The outage, which lasted more than five hours and affected Facebook, Instagram and WhatsApp, occurred after day-to-day infrastructure maintenance brought down connections in Facebook’s global backbone network.
In a blog post, Facebook’s VP of Engineering and Infrastructure Santosh Janardhan said,
“During one of these routine maintenance jobs, a command was issued with the intention to assess the availability of global backbone capacity, which unintentionally took down all the connections in our backbone network, effectively disconnecting Facebook data centres globally. Our systems are designed to audit commands like these to prevent mistakes like this, but a bug in that audit tool prevented it from properly stopping the command.
“This change caused a complete disconnection of our server connections between our data centres and the internet.”
This disconnection then had a knock-on effect. Facebook’s DNS servers disable border gateway protocols (BGP) if they can’t speak to the data centres – an indication of an unhealthy network connection. “In the recent outage, the entire backbone was removed from operation, making these locations declare themselves unhealthy and withdraw those BGP advertisements,” said Janardhan.
“The end result was that our DNS servers became unreachable even though they were still operational. This made it impossible for the rest of the internet to find our servers.”

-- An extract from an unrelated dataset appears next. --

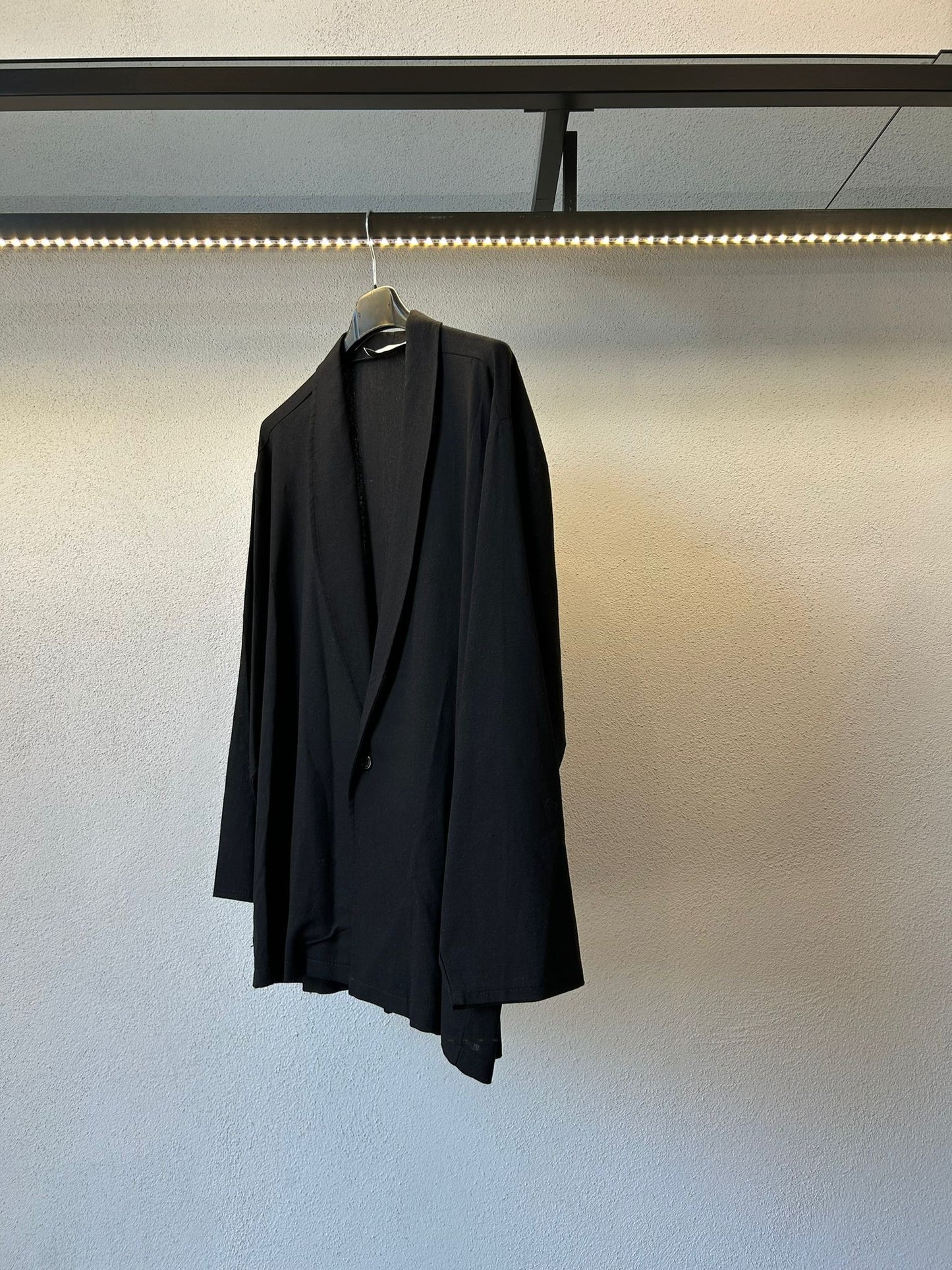 GIACCA KIMONO IN MISTO LINO - 1383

Facebook engineers were faced with fast-moving a series of events and had to overcome two main challenges: inability to access Facebook’s data centres because their networks were down, and the total loss of DNS also disabling most of Facebook’s internal outage troubleshooting tools.
“Our primary and out-of-band network access was down, so we sent engineers onsite to the data centres to have them debug the issue and restart the systems. But this took time, because these facilities are designed with high levels of physical and system security in mind. They’re hard to get into, and once you’re inside, the hardware and routers are designed to be difficult to modify even when you have physical access to them. So it took extra time to activate the secure access protocols needed to get people onsite and able to work on the servers. Only then could we confirm the issue and bring our backbone back online,” explained Janardhan.
However, once connectivity to the backbone network was restored across all data centre regions, services came back online – but not without a new set of difficulties.
“We knew that flipping our services back on all at once could potentially cause a new round of crashes due to a surge in traffic. Individual data centres were reporting dips in power usage in the range of tens of megawatts, and suddenly reversing such a dip in power consumption could put everything from electrical systems to caches at risk,” continued Janardhan.
However, Facebook has been running “storm” drills for exactly this sort of situation: “In a storm exercise, we simulate a major system failure by taking a service, data centre, or entire region offline, stress testing all the infrastructure and software involved. Experience from these drills gave us the confidence and experience to bring things back online and carefully manage the increasing loads.
“In the end, our services came back up relatively quickly without any further systemwide failures. And while we’ve never previously run a storm that simulated our global backbone being taken offline, we’ll certainly be looking for ways to simulate events like this moving forward,” said Janardhan.